Items listed in a dataset -

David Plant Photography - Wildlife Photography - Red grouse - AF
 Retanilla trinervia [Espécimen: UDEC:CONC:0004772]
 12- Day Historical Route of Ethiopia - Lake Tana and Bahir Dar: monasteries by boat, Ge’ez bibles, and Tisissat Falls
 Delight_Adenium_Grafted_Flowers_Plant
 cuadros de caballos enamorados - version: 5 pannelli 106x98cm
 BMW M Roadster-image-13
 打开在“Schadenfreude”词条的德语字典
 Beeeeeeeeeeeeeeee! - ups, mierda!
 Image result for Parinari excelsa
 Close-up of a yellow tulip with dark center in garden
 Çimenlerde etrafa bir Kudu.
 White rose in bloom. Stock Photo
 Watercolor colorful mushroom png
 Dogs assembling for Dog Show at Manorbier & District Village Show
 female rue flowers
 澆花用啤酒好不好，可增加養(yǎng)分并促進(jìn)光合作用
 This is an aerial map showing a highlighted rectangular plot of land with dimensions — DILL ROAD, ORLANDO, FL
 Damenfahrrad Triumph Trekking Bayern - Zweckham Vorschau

EXERCISE - What lines of the data contain the string "with"? List them.

PROBLEM SOLUTION -
 Close-up of a yellow tulip with dark center in garden
 This is an aerial map showing a highlighted rectangular plot of land with dimensions — DILL ROAD, ORLANDO, FL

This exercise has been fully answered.